Faith of A Mustard Seed

Experience as a component of theology is, I think, the grounding factor.  The places, the spaces, the faces of any life, both as an individual or as a part of one’s total historicity will ultimately alter any source or tradition.

It has always been interesting to me to hear persons appeal to their experience in stating their point of view: “Live long enough and you will know!”  “I’m not telling you what I read, I’m telling you what I know!”  “I’ve been all over the world and I’ve seen it time and time again!”  My mother’s sister, Mama Lodie, with only a junior high school level education to speak of, was one of the smartest women I have known in my lifetime.  She called it ‘common sense’.  My mother’s brother, Uncle Buddy taught me to play a card game called ‘Coon’ when I was very young. He said, among other things, “cooning and schooling”. Later in my life while riding Amtrak between New York and Atlanta, I met a man in the club car who will never forget that I ‘cooned him’ the entire trip while folks watched and marveled! Experience really is the best teacher.

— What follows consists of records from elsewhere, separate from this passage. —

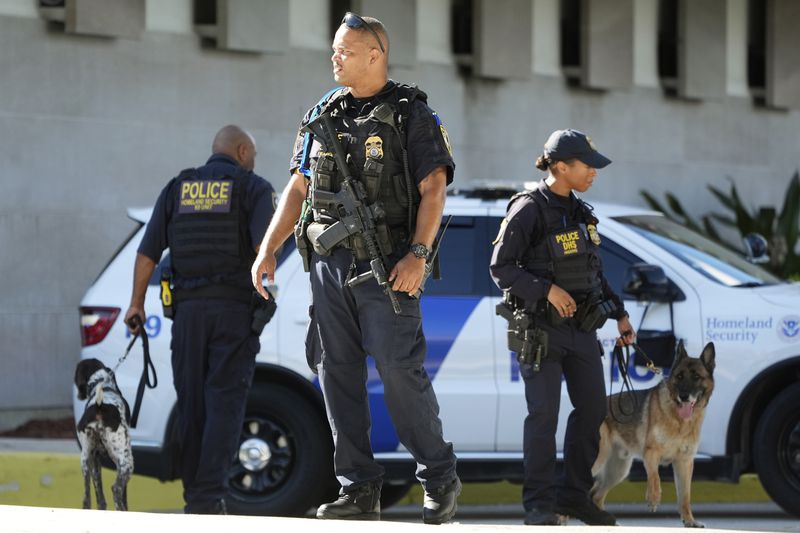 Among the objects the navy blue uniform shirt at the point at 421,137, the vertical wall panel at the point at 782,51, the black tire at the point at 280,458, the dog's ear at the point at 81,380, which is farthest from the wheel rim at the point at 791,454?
the vertical wall panel at the point at 782,51

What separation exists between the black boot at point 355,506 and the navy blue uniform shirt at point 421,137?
1.13m

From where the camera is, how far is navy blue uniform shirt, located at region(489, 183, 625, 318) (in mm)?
7129

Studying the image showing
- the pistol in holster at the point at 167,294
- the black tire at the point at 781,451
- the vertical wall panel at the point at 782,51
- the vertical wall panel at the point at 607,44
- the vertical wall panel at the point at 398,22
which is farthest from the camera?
the vertical wall panel at the point at 782,51

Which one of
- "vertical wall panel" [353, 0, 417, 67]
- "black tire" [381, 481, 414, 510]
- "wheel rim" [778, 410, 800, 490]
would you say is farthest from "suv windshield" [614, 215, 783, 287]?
"vertical wall panel" [353, 0, 417, 67]

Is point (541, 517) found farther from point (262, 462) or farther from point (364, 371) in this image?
point (262, 462)

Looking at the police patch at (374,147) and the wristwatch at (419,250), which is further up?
the police patch at (374,147)

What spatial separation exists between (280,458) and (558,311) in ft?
6.40

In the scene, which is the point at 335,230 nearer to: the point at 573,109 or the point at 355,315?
the point at 355,315

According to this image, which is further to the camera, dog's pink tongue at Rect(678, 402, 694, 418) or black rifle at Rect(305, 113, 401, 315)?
dog's pink tongue at Rect(678, 402, 694, 418)

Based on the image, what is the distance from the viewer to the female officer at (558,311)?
7.15 metres

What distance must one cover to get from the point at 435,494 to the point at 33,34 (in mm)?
7875

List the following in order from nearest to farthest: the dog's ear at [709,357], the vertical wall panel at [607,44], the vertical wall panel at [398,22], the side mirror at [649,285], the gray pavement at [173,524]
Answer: the gray pavement at [173,524] → the dog's ear at [709,357] → the side mirror at [649,285] → the vertical wall panel at [398,22] → the vertical wall panel at [607,44]

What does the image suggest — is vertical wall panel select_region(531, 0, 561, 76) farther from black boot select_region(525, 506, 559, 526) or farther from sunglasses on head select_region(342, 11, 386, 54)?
sunglasses on head select_region(342, 11, 386, 54)

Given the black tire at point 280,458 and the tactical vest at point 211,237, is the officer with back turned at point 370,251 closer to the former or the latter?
the tactical vest at point 211,237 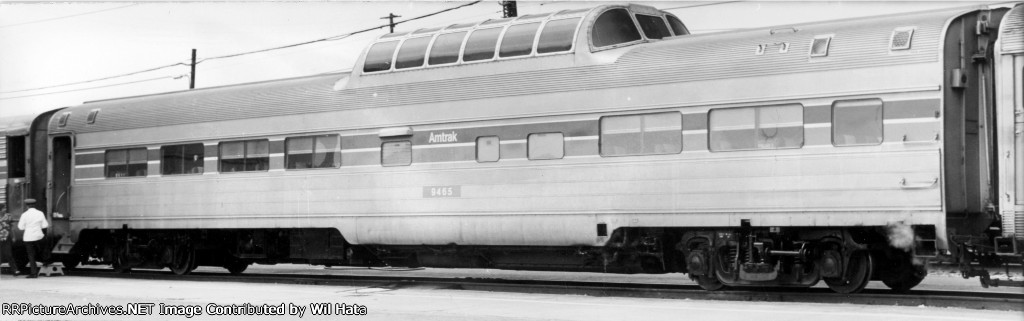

The experience question must include the ‘human predicament’ which has as a vital part the fact of our experiencing the world from ‘inside out’.  The individual, ‘I am’ the center of the universe in that we are stuck in this body.  We see ‘out’ of our eyes (at best those things in front of me, never behind my back).  The event is real for me only if ‘I am’ present.  It is no small thing that the very first criteria for faith, as Jesus puts it, “If anyone would come after me… deny  self…”Experience is it’s own knowledge base.  To be sure it is the participation in the event, the exposure, the involvement that determines the knowledge or skill gained in the experience.

When you consider the fact that the African’s birthright as American was defined in a context where education was outlawed, the assimilation of culture was only by experience.

The Experience Factor is crucial in the dialogue concerning ‘Existialism’.  Howard Thurman says that he believes that Jesus was such a powerful man because of the way he ‘articulated his faith’.  So very clear was he in his existence that he was able to speak… across ages of time, to countless lives; not bound by language, culture, race, or creed!  To develop your understanding of live based, first, upon your birthright and to come into the fullness of ‘Who you are’ in relationship to God and Man and Universe is… the purpose of life in Creation.

The value of experience is now being recognized by Colleges and Universities in their offering of credits and programs in Life Experience.  We not only experience life mentally and physically, but also emotionally and spiritually. No discussion of experience in the context of systematic theology could be complete without an introduction to the work of Paul Tillich.  He identifies two poles which he thinks that theology must move back and forth between: eternal truth and temporal situation.  It is the creative interpretation of experience that is critical.